What politician who aspires to serve as this state's chief executive would intentionally make more difficult one of the most important tasks a new governor must undertake: the recruitment of top talent to head state agencies?
That's the handicap Gazelka and his Republican majority have inflicted on future governors. It's a sure consequence of the Senate last year voting out of office two able commissioners appointed by DFL Gov. Tim Walz, then last week announcing their intention to do the same to Pollution Control Agency Commissioner Laura Bishop.
Bishop, a former Best Buy executive, resigned Tuesday when she got word that she was about to be dumped. Evidently satisfied — for now — Gazelka and Co. then backed off their threatened assault on several other Walz commissioners. (This gang is due back in session in a few months. Stay tuned.)
To be sure, Republicans likely weren't the only senators who were willing to play this game last week. DFL-turned-independents Tom Bakk and David Tomassoni, who hail from the Iron Range, were in league with the GOP last year in the ouster of Commerce Commissioner Steve Kelley and were expected to vote against Bishop's confirmation, too. State pollution regulators typically are not beloved figures Up North.
Further, the Senate GOP caucus likely wasn't unanimous. Rochester Republican Dave Senjem was a "no" vote on the motion to fire Kelley, and likely wasn't going to play along this time either. His party's beef with Bishop was mostly about the Walz administration's push for a "clean car rule" to combat climate change. Senjem is a rare Republican who takes climate change seriously.

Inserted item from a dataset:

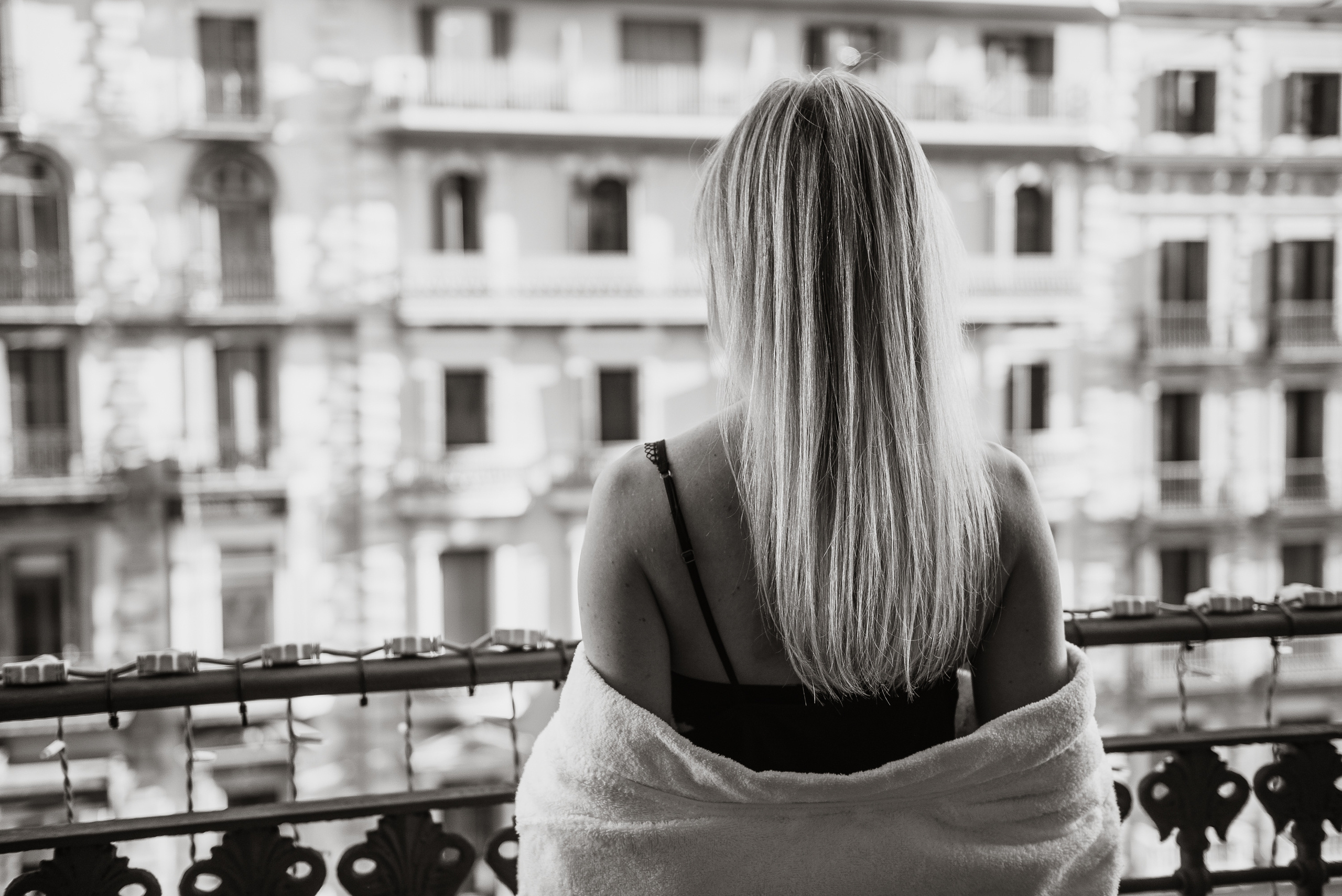 Alexandra Moscú. Professional photography services in Barcelona by Ekaterina Gasanova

Minnesotans might chalk up this latest personnel episode to politics as usual in a divided government, which has persisted for so long (30 of the past 32 years) that it has to be seen as the default condition of this state's government.
Voters have indeed seen this plot before. Both parties helped turn the confirmation of state agency heads into a blood sport. A DFL-controlled Senate removed two of Republican Gov. Tim Pawlenty's commissioners, in 2004 and '08 — and in '12, a Republican Senate retaliated by voting out an appointee of DFL Gov. Mark Dayton.